#### Information shown ####

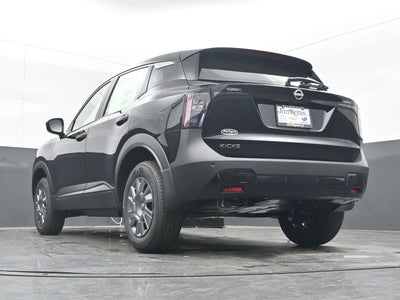 2026 Nissan KICKS S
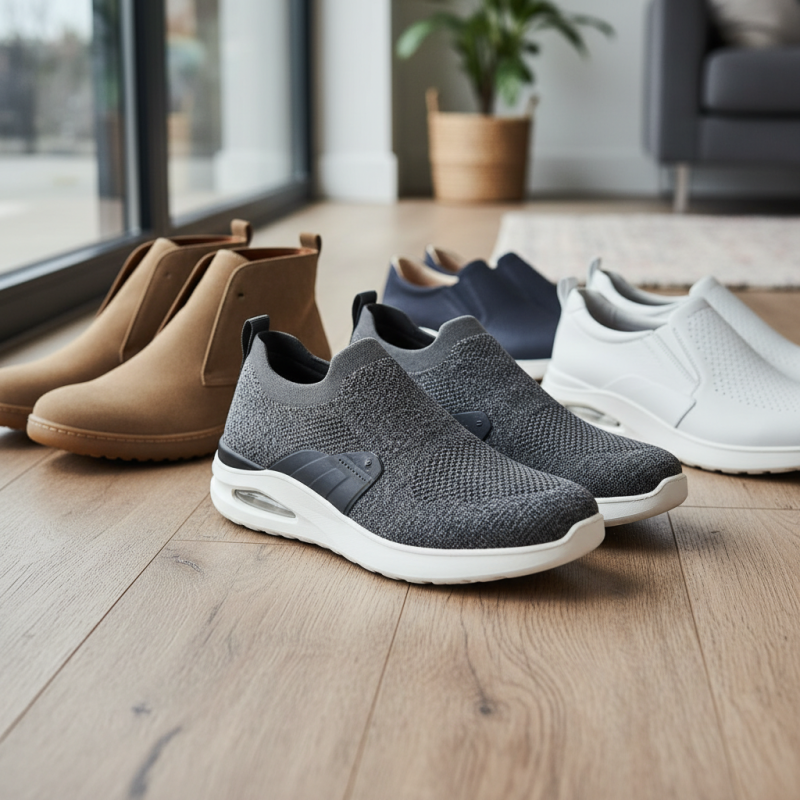 What is the Best Men Casual Shoes for Comfort and Style?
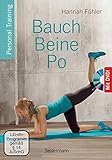 Bauch, Beine, Po + DVD: Personal Training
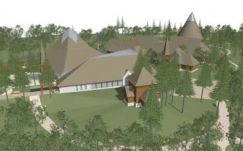 Nem várnak a kormányra, kölcsönből fejezik be a korszerű borszéki gyógykezelőt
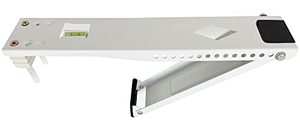 lot 10362 image: AC Window Air Conditioner Support Bracket Light Duty, Up to 85 lbs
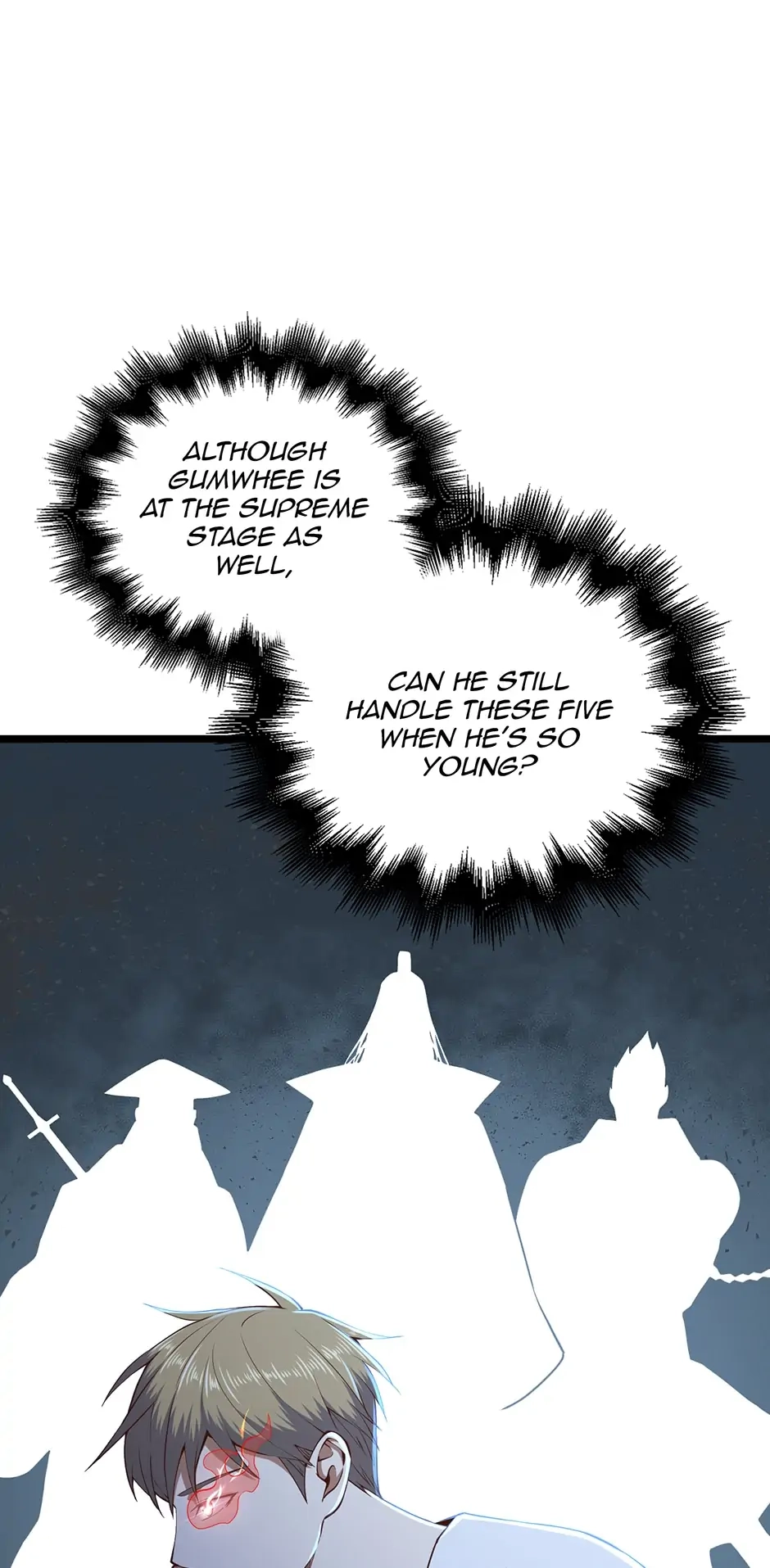 The Lord of Coins Chapter 59 - Page 57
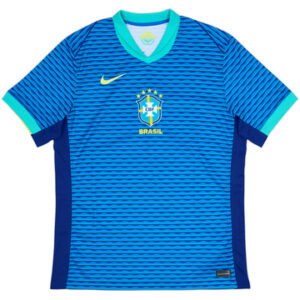 2024-25 Brazil Away Shirt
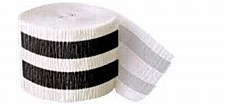 Streamer- Black Stripe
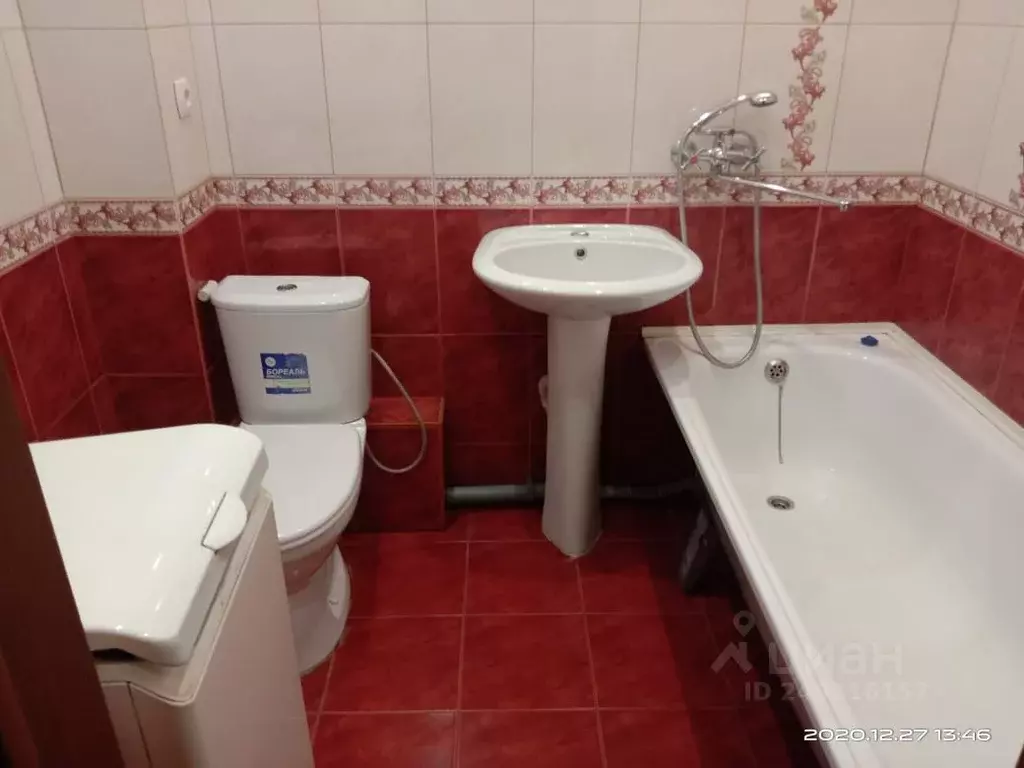 1-к кв. Курская область, Курск Дружининская ул., 7А (47.0 м) - Фото 1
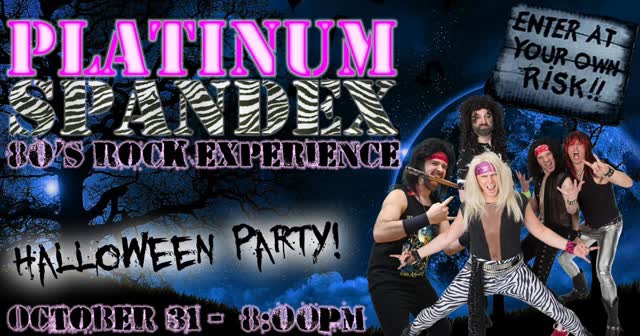 Halloween show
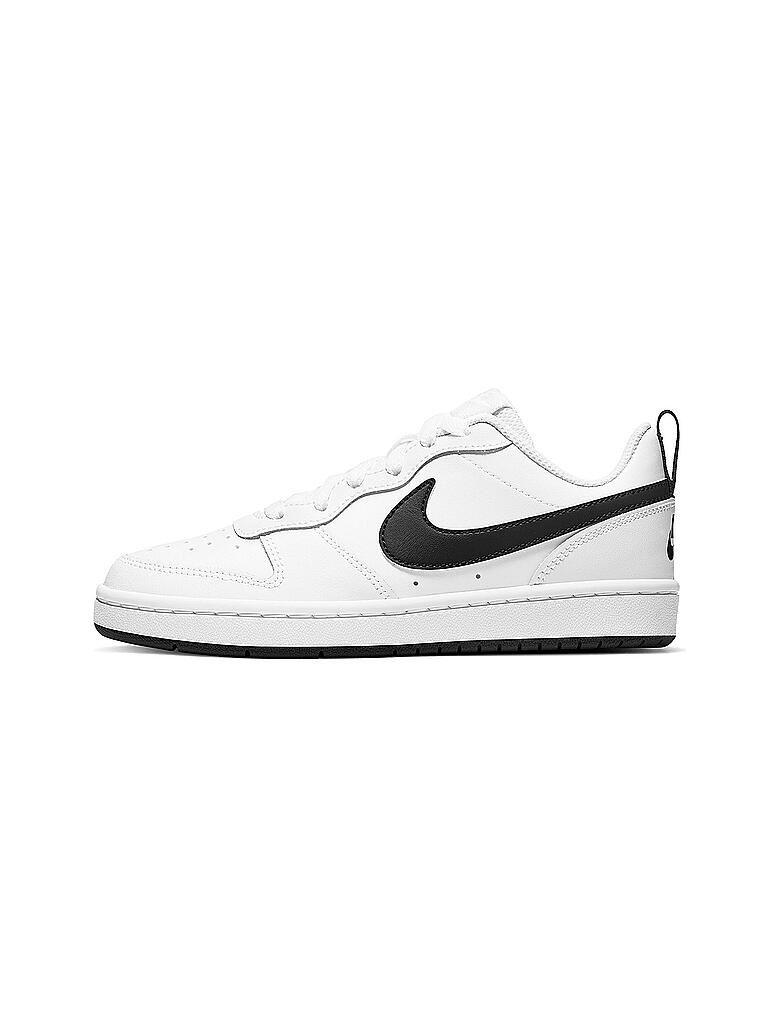 NIKE | Kinder Freizeitschuhe Court Borough Low 2 | weiß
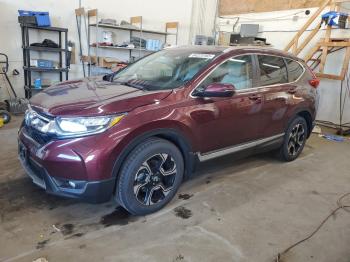  Salvage Honda Crv
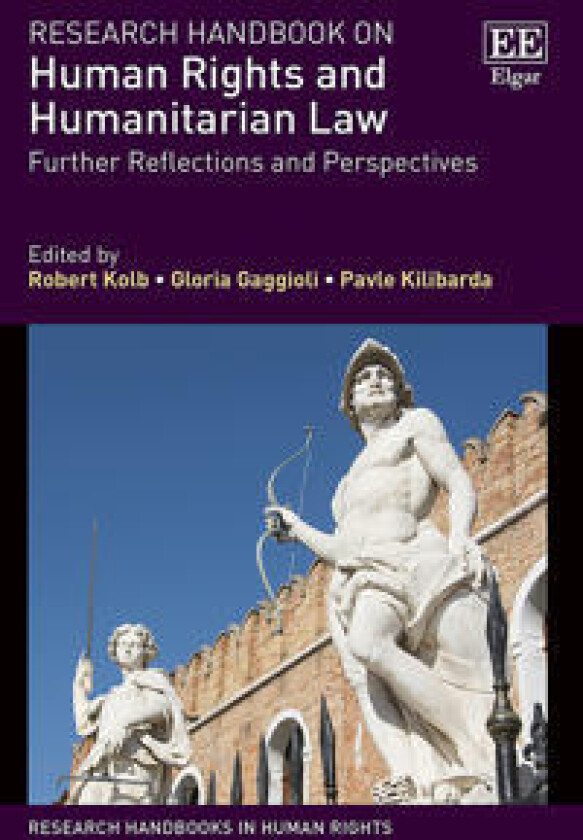 Research Handbook on Human Rights and Humanitarian Law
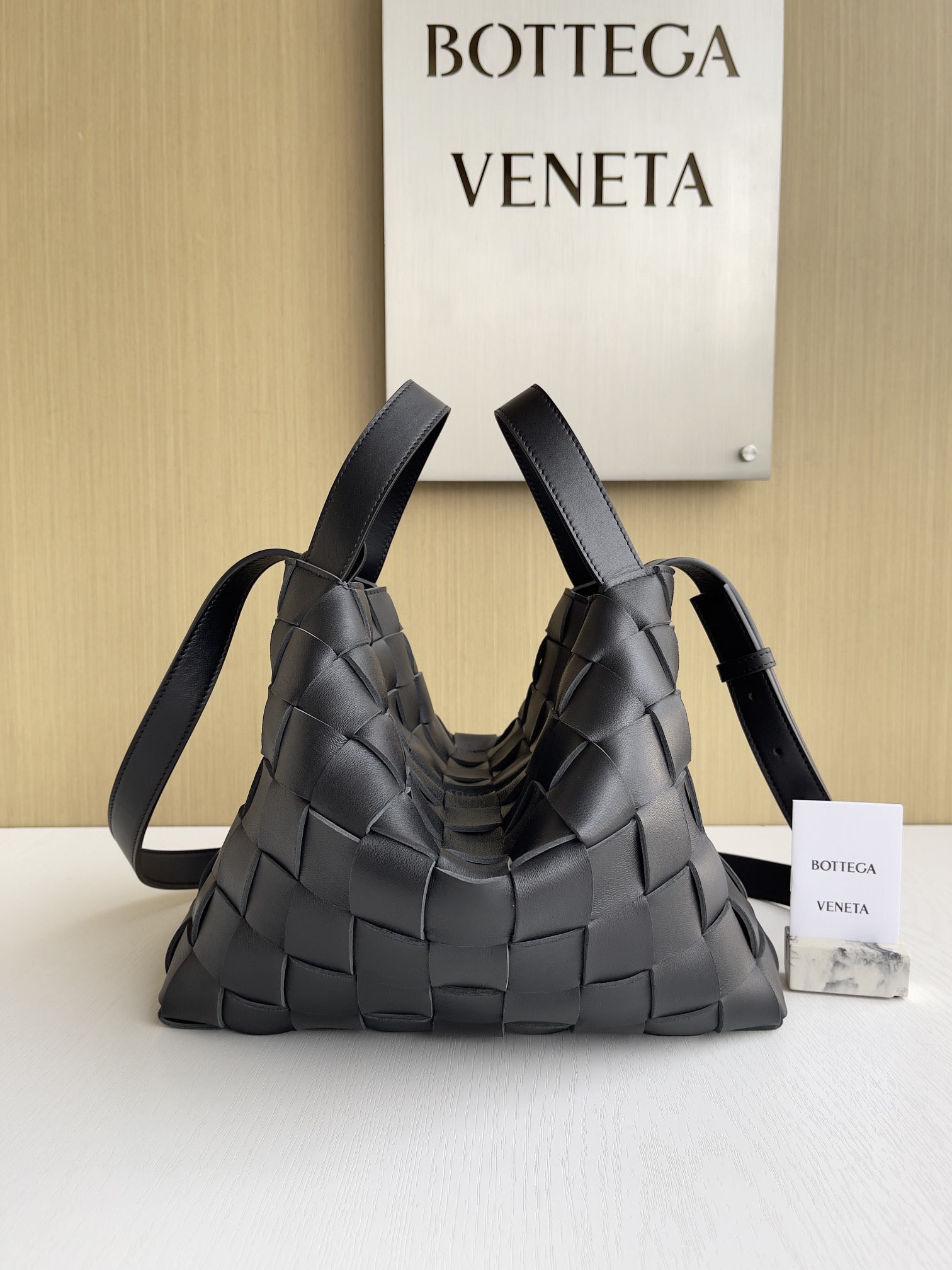 보테가베네타 Bottega Veneta Bowling Cassette 730327 28cm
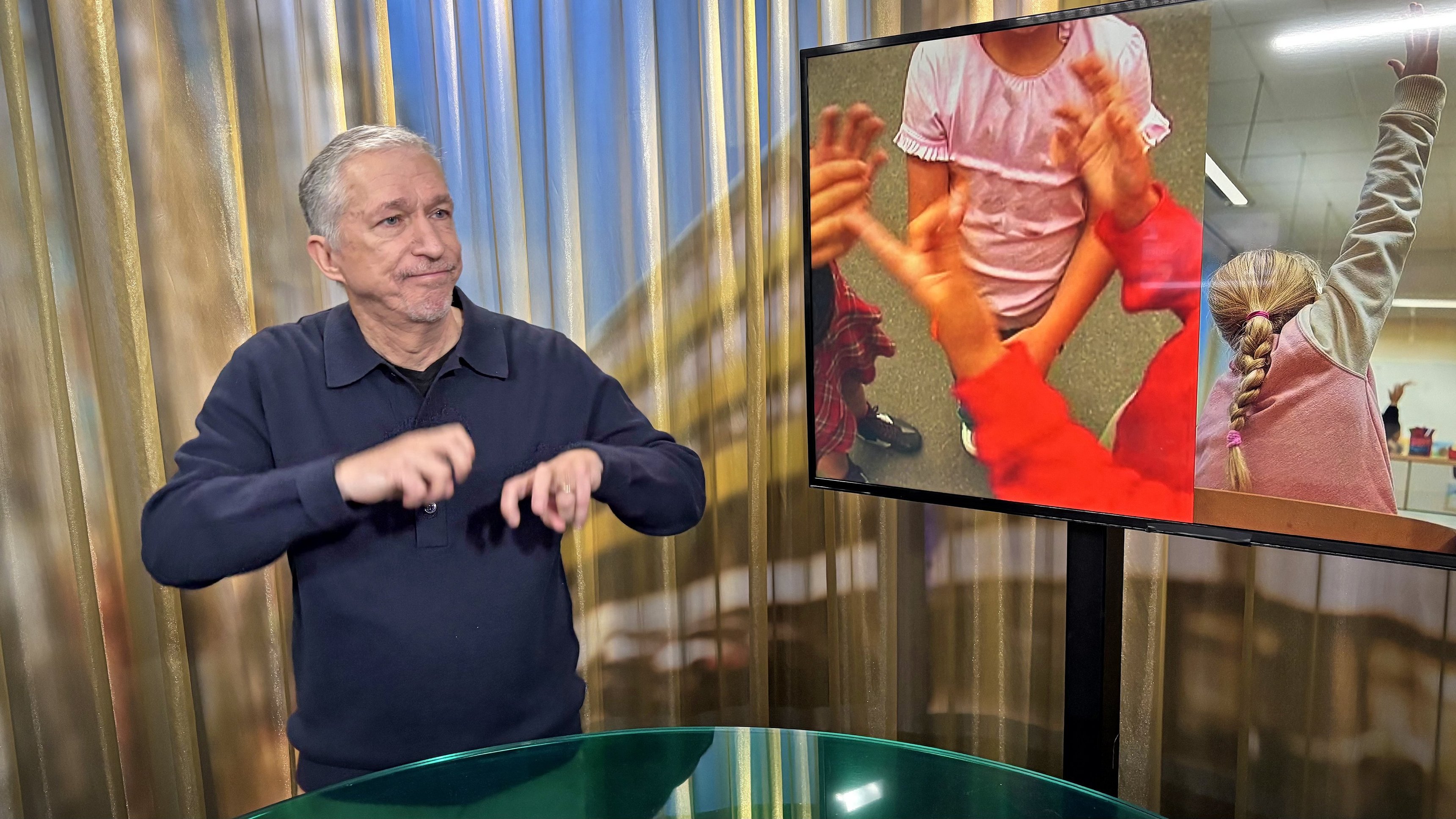 6. Kommun skrotar teckenspråk som modersmål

####

How to complete this task: Return the records above exactly, without the pictures.

Written response:
 2026 Nissan KICKS S
 What is the Best Men Casual Shoes for Comfort and Style?
 Bauch, Beine, Po + DVD: Personal Training
 Nem várnak a kormányra, kölcsönből fejezik be a korszerű borszéki gyógykezelőt
 lot 10362 image: AC Window Air Conditioner Support Bracket Light Duty, Up to 85 lbs
 The Lord of Coins Chapter 59 - Page 57
 2024-25 Brazil Away Shirt
 Streamer- Black Stripe
 1-к кв. Курская область, Курск Дружининская ул., 7А (47.0 м) - Фото 1
 Halloween show
 NIKE | Kinder Freizeitschuhe Court Borough Low 2 | weiß
  Salvage Honda Crv
 Research Handbook on Human Rights and Humanitarian Law
 보테가베네타 Bottega Veneta Bowling Cassette 730327 28cm
 6. Kommun skrotar teckenspråk som modersmål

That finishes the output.